How have you setup statement digest instrumentation ???

Can you also let us know the setup of the P_S consumers and P_S events ???
[9 Feb 16:59] dob bod
performance_schema setup

Attachment: SHOW_SETUP.txt (text/plain), 127.86 KiB.

[9 Feb 16:59] dob bod
Hello!

The case is just an example. It was ran in a fresh install with default configuration. No setup changes were done.
That being said, the configurations I have here are attached above.

Thanks
[12 Feb 17:15] Sinisa Milivojevic
The output from the test case.

Attachment: output.txt (text/plain), 43.04 KiB.

[12 Feb 17:16] Sinisa Milivojevic
Hi!

I have got a result that is uploaded in the file named output.txt.

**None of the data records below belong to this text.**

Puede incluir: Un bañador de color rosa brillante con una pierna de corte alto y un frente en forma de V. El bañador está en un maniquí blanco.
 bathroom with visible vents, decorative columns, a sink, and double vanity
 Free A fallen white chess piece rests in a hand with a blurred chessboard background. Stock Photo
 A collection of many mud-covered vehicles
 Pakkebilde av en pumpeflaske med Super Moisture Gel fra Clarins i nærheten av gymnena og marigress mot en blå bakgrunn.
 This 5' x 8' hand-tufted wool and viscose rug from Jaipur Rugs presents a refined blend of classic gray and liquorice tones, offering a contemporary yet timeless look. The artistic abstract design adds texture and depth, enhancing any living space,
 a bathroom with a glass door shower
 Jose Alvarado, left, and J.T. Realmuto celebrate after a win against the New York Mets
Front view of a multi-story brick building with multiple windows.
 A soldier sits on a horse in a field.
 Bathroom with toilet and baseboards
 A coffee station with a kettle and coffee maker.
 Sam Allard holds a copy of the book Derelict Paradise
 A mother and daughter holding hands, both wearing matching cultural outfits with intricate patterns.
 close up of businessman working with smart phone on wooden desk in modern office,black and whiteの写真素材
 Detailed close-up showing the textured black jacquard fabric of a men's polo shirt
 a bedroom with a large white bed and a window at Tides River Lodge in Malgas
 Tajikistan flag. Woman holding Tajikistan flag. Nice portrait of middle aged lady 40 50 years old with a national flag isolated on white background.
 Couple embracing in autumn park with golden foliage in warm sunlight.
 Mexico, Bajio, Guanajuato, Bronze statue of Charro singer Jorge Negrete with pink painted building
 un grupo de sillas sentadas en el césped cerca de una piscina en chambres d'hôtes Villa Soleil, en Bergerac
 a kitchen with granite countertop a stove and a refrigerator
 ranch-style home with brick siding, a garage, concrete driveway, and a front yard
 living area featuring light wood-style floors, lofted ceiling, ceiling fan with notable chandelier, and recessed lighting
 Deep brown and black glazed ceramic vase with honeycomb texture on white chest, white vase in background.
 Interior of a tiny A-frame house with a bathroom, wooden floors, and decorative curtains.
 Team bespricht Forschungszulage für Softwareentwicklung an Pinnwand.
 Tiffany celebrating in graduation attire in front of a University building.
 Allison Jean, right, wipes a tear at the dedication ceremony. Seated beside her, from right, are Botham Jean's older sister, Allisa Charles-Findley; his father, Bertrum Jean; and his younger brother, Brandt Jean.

Is it the same result as yours ???

If it is the same result, what is the problem ??? That query's text is changed and does not include view name ???
[12 Feb 22:16] dob bod
Hi!!
The last select is not the same, but I can explain the problem anyway.
The problem is that every query should have their own unique DIGEST and DIGEST_TEXT, since they are different. For instance, 
"select * from ab_view where nome_b like '%tri%'", 
should have a DIGEST_TEXT like 
"select * from ab_view where nome_b like '?'", 
and 
"select a.* from temp_a a , ab_view b where a.id = b.id_a and a.nome like '%bar%' and a.id = 2"
should have a DIGEST_TEXT like
"select a.* from temp_a a , ab_view b where a.id = b.id_a and a.nome like '?' and a.id = ?".
However, every execution that has a view involved is recorded under the DIGEST 89c4e1026cee35d60dd22568af23905f. All the statistics for different queries are grouped. For instance, SUM_SELECT_FULL_JOIN has a value of 2 in the end. How could I know which of the queries is doing SUM_SELECT_FULL_JOIN?

Thank you.
[13 Feb 16:24] dob bod
The last select is not the same, but I can explain the problem anyway.
The problem is that every query should have their own unique DIGEST and DIGEST_TEXT, since they are different. For instance, 
"select * from ab_view where nome_b like '%tri%'", 
should have a DIGEST_TEXT like 
"select * from ab_view where nome_b like '?'", 
and 
"select a.* from temp_a a , ab_view b where a.id = b.id_a and a.nome like '%bar%' and a.id = 2"
should have a DIGEST_TEXT like
"select a.* from temp_a a , ab_view b where a.id = b.id_a and a.nome like '?' and a.id = ?".
However, every execution that has a view involved is recorded under the DIGEST 89c4e1026cee35d60dd22568af23905f. All the statistics for different queries are grouped. For instance, SUM_SELECT_FULL_JOIN has a value of 2 in the end. How could I know which of the queries is doing SELECT_FULL_JOIN?

Thank you.
[13 Feb 16:37] dob bod
Sorry for duplicating the answer, I was trying to correct the text.
[13 Feb 17:01] Sinisa Milivojevic
Hi!

Turns out this is intended behaviour. However, I do agree with you so I am verifying this report as the feature request.
[14 Feb 16:14] dob bod
Hi!!

It would be great if that feature could be implemented. 
Tools based on the performance_schema (like MySQL Enterprise Monitor, Percona PMM, etc ) can be almost useless if a lot of view are used (is my case).

Thank you very much!